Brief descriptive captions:

== Segment start ==

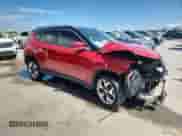 2018 Jeep Compass Limited с VIN 3C4NJDCB6JT116945, выставлен на аукционе Copart как лот 72015445 с пробегом 149 519 миль миль и Списание • Salvage title. История ставок и продаж доступна на DreamBid. Изображение 4.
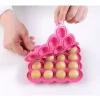 Cake pop -kakkutikkarimuotti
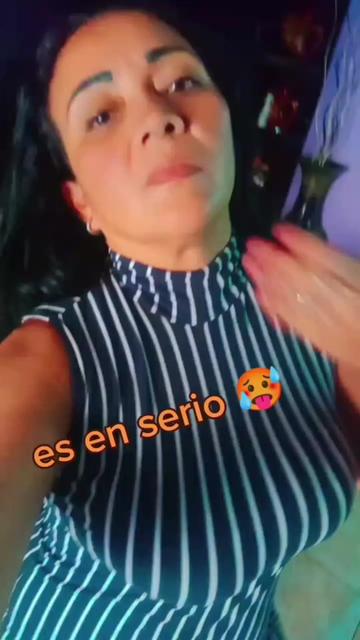 @T&uacute;  Potra oficial ❤💯
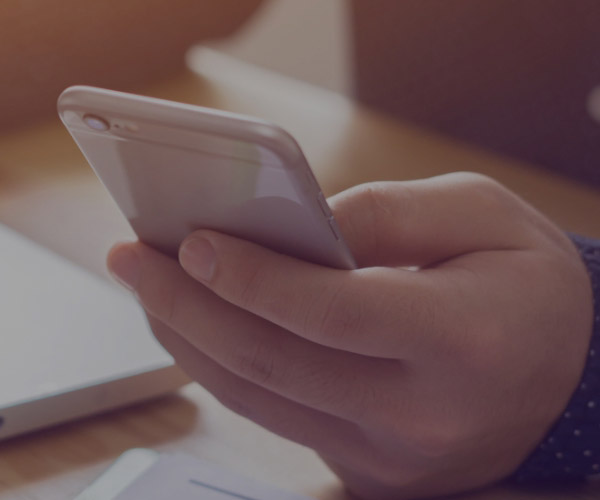 SERVICIO DE ATENCIÓN AL CLIENTE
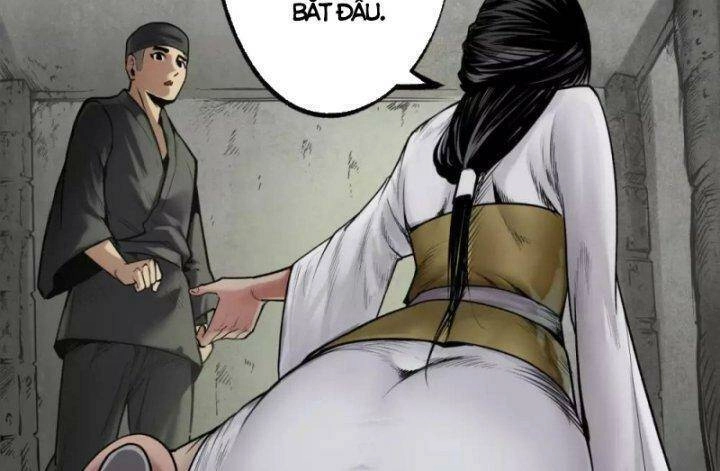 Tạng Phong Hành Chapter 101 - 54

== Segment end ==

● **WHAT IS REQUIRED**: Your answer must be exactly the lines from the one with "Cake pop -kakkutikkarimuotti" through the last line of the entries, both included, with no pictures; please add nothing else.

● **ANSWER AREA**:
 Cake pop -kakkutikkarimuotti
 @T&uacute;  Potra oficial ❤💯
 SERVICIO DE ATENCIÓN AL CLIENTE
 Tạng Phong Hành Chapter 101 - 54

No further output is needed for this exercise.